Accounting for storage

Geography isn’t the only factor in arbitrage. Commodity spreads take other forms, too. A calendar spread compares contracts with different expiry dates, maybe one in July and one in December. A substitution spread might price arabica coffee against robusta coffee, while a processing margin spread is the credit between raw materials and finished products, such as corn versus ethanol. No matter the approach, traders need to remember a fundamental reality of agricultural commodities: Crops need storage space.

The cost of storing a commodity — plus any associated interest, delivery fees and insurance payments — is known as full carry. Hypothetically, maybe it costs 5 cents per bushel per month to store corn. In theory, then, a contract expiring 12 months out should be 60 cents higher than one expiring today to account for the monthly storage costs. It sounds simple enough, but in reality, holding costs aren’t so cut and dried.

“In terms of the South African market,” Mauritz says, “there are many different delivery points. And each delivery point has a different silo with different owners, so you need to be aware of the costs associated with each of these to get an idea of the default carry.” If a futures contract isn’t accounting for the full carry price, it creates an arbitrage opportunity.

It’s a similar process for the U.S. and Europe. Without access to data vendors or brokerages who can supply these numbers, investors are left disadvantaged, creating another barrier to entry for average traders. In order to maintain its edge, Polar Star has worked diligently to build a network of brokers with access to delivery and storage price information.

Mauritz explains that if a current curve is trading close to the full carry price but a contract dated a year out is trading above the carry cost — perhaps due to some uncertainty about next season’s crop — there’s a chance to trade the spread. “It gives you a good asymmetric opportunity,” he says.

When disaster strikes

No matter how good the model is, there are always events it can’t forecast. For agricultural commodities, perhaps no example is more relevant than the war in Ukraine. Speaking of Russia’s initial invasion in early 2022, Moritz Seibert asks, “How was trading during that period?”

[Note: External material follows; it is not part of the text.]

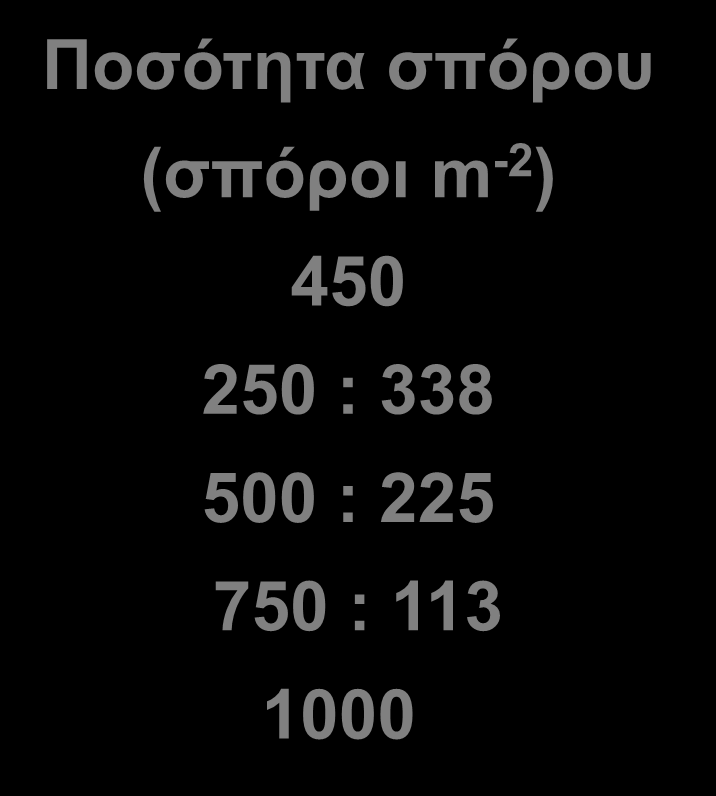 Αναλογίες σπόρων στα μίγματα του πειράματος Είδη Ποσότητα σπόρου (σπόροι m -2 ) Κριθάρι 450 250 : 338 Αλ.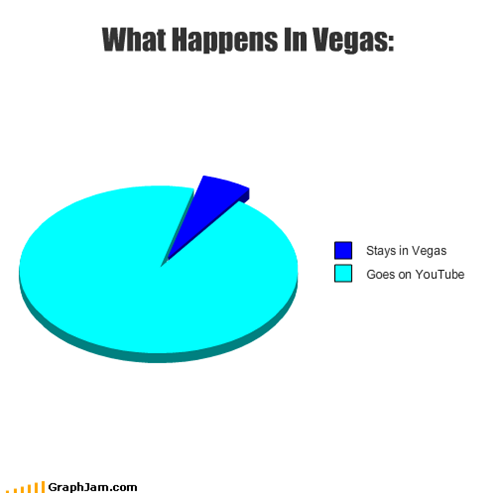 What Happens In Vegas:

Mauritz recalls it as “terribly frightening.” Euronext wheat was stuck, unable to go through the Black Sea. With no way to sell, the price dropped. Meanwhile, consumers still needed the product, so prices in the U.S. went up. “So your candle was burning at both ends,” Mauriz says, “and you couldn’t get out of the position.”

So what did Polar Star do? While other institutional investors around the world jumped out of their positions, Mauritz and his team held steady. He says, “After really focusing on and studying the fundamentals, you could see that the Ukrainian wheat wasn’t such a big part of the balance sheet and the world would actually be fine. We decided to just hold on, and, eventually, the fundamentals [of the original trade] realized.”

The takeaway? Commodity spreads have low correlations to what’s happening in other financial markets. While 2022 was a horrendous year for U.S. equities, agricultural commodities bounced back faster from the same geopolitical crisis.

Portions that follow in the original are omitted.